My name is Corona and I'm a virus. Just kidding, I'm a chatbot. Are you one too?
>What do you want?
I want to relax
>Bye
None
>quit
 See you soon


### 3.2 Included chatbots 

The NLTK library comes with some ready-to-use simple chatbots. These perform simple pattern matching on sentences typed by users, and respond with automatically generated sentences.
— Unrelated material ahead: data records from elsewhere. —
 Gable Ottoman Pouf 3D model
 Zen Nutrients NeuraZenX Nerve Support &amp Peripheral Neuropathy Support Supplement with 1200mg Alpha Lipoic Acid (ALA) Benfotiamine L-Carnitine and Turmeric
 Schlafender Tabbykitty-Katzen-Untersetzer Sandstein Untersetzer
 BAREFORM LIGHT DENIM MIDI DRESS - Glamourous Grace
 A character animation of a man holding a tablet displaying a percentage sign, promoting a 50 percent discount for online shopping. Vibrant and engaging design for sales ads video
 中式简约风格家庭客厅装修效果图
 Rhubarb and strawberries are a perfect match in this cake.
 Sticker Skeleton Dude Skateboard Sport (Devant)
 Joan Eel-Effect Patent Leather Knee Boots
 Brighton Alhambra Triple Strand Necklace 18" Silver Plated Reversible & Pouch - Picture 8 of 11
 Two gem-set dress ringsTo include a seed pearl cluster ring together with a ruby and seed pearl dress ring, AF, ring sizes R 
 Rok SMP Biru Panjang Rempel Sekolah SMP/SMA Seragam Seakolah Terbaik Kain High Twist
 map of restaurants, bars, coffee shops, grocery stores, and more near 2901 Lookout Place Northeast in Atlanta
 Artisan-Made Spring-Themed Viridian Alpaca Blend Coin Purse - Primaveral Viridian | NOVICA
Some of them are eliza, iesha, and rude.

They can be dirctly run using the demo() method


In [93]:
nltk.chat.eliza.demo()

Therapist
---------
Talk to the program by typing in plain English, using normal upper-
and lower-case letters and punctuation.  Enter "quit" when done.
Hello.  How are you feeling today?
>Good
I see.
>How are you?
How do you suppose?
>nice
How does that make you feel?
>Okay
Why do you say that okay?
>Bye
Can you elaborate on that?
>quit
Thank you for talking with me.


In [94]:
nltk.chat.rude.demo()

Talk to the program by typing in plain English, using normal upper-
and lower-case letters and punctuation.  Enter "quit" when done.
I suppose I should say hello.
>Hello
'Hello'? How original...
>How are you?
I'm not even going to dignify that with an answer.
>Okay
I'm getting bored here. Become more interesting.
>What are you doing?
Figure it out yourself.
>Okat
Change the subject before I die of fatal boredom.
>
>Bye
Change the subject before I die of fatal boredom.
>quit
Either become more thrilling or get lost, buddy.